The original T5-v1.1-large was only pre-trained on C4 excluding any supervised training. Our version is further trained on Rucurrent Span Selection scheme (RSS), using a sample from the dataset used to pretrain Splinter:

During training time, the masked span is replaced with <extra_id_0> and the labels are formatted as <extra_id_0>span<extra_id_0>. Unlike Splinter, only one span is mask at a time.

Intended uses & limitations

This model naturally fits tasks where a span from a context is intended to be copied, like extractive question answering. This checkpoint is primarily aimed to be used in zero-shot setting - further fine-tuning it on an annotated dataset gives equal results to those of the original T5-v1.1-large.

How to use

You can use this model directly but it is recommended to format the input to be aligned with that of the training scheme and as a text-question context:

from transformers import  AutoModelForSeq2SeqLM, AutoTokenizer
model = AutoModelForSeq2SeqLM.from_pretrained('tau/t5-v1_1-large-rss')
tokenizer = AutoTokenizer.from_pretrained('tau/t5-v1_1-large-rss')

passage = 'Barack Hussein Obama II is an American politician and attorney who served as the 44th president of the United States from 2009 to 2017. '
question = 'When was Obama inaugurated?'
text = f'Text: {passage}.\nQuestion: {question}\nAnswer:{tokenizer.additional_special_tokens[0]}.'
encoded_input = tokenizer(text, return_tensors='pt')
output_ids = model.generate(input_ids=encoded_input.input_ids, attention_mask=encoded_input.attention_mask,
               eos_token_id=tokenizer.additional_special_tokens_ids[1], num_beams=1, max_length=512, min_length=3)
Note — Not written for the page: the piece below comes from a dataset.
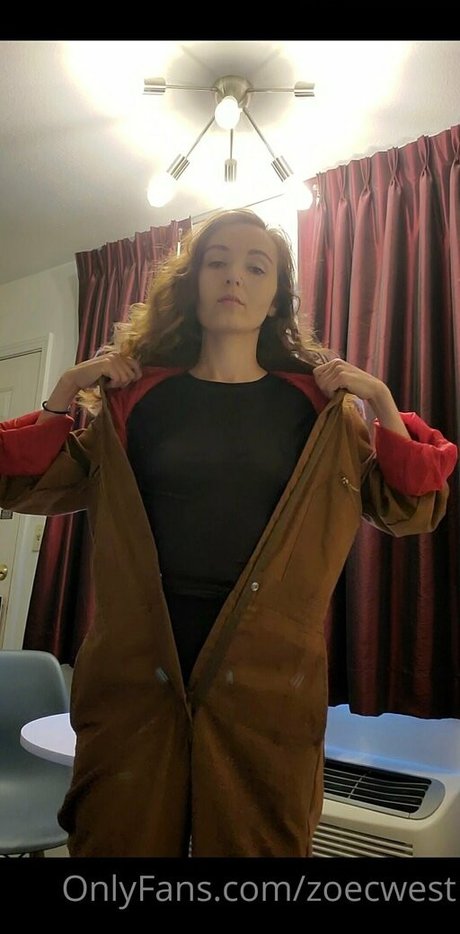 zoesfrenchpress onlyfans naked leaks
The generated answer is then "<pad><extra_id_0> 2009<extra_id_1>", while the one generated by the original T5-v1.1-large is "<pad><extra_id_0> On January 20, 2009<extra_id_1>" - a correct yet non-extractive answer.

Limitations and bias

Although using the model with greedy decoding tends toward extracted outputs, is may sometimes produce non-extracted ones - may it be different casing or a whole different string (or substring) that may bear another semantic meaning.


The model was finetuned with 100,000 rss-examples for 3 epochs using Adafactor optimizer with constant learning rate of 5e-5.

Evaluation results

Evaluated over few-shot QA in a zero-shot setting (no finetuning on annotated examples):

Model \ Dataset SQuAD TriviaQA NaturalQs NewsQA SearchQA HotpotQA BioASQ TextbookQA
T5 50.4 61.7 42.1 19.2 24.0 43.3 55.5 17.8
T5-rss 71.4 69.3 57.2 43.2 29.7 59.0 65.5 39.0

The gap between the two models diminishes as more training examples are introduced, for additional result see the [paper]((https://arxiv.org/abs/2108.05857).